Il y a des zones du livre qui alternent le rire avec des événements plus graves ou inquiétants. Le racisme, le suprémacisme, et il y a aussi des allusions à ce que l’extrême droite dont est issue l’Organisation a rendu présent à nouveau : que l’Espagne doit être nettoyée, ou que l’Espagne est brisée… La conversation nationale actuelle fait partie du livre. Comment voyez-vous ce temps, ou temporel ?
Je n’aime pas. Les cris, les insultes et le discrédit comme argument politique me donnent de l’urticaire. Non pas tant que les politiciens l’utilisent, mais plutôt parce que c’est ce qui leur rapporte des dividendes. Parce que c’est ce que les gens veulent entendre. Si cette attitude nous envahissait tous, les politiciens en adopteraient une autre.
« Barcelone, dit le responsable des personnages de l’Organisation, retrouve momentanément son ancienne image : la ville provinciale, malsaine, sordide et irritable de ma jeunesse », et termine : « Ne nous laissons pas emporter par la nostalgie. Le meilleur est l’ennemi du bien et se plaindre de ce qui est sans remède est typique des personnes âgées, c’est typique des idiots.

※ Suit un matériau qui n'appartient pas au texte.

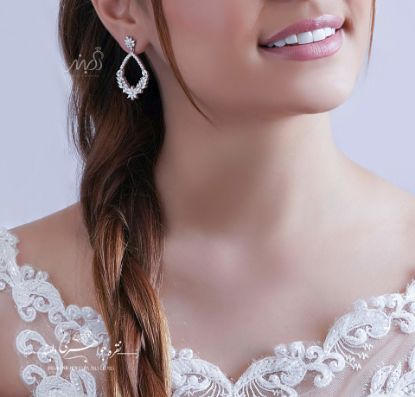 💍گوشواره جواهری ؛ با طراحي زيبا نقره عیار ۹۲۵ (E_5016)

Où en est Mendoza, cette ville dont il vaut mieux ne pas être nostalgique ?
Tout sauf de la nostalgie. Le chef de l’Organisation est un homme de clichés et de banalités. Moi aussi, mais moins. Les villes changent. Pas comme nous le souhaiterions. La peau est la peau. Mais j’ai beaucoup retiré de cette ville. Maintenant, je vis plus à la retraite. D’autres viendront qui diront à quoi ressemble ce moment.